* DATA SECTION:

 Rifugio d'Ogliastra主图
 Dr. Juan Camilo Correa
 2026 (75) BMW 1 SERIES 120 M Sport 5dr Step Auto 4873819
---
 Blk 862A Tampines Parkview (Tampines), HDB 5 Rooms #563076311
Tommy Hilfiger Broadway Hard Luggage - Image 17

* TRY IT:
Please transcribe only the lines in the records above running from the line that has "Dr. Juan Camilo Correa" through the line that has "2026 (75) BMW", both included, exactly as they appear.

* EXERCISE RESPONSE:
 Dr. Juan Camilo Correa
 2026 (75) BMW 1 SERIES 120 M Sport 5dr Step Auto 4873819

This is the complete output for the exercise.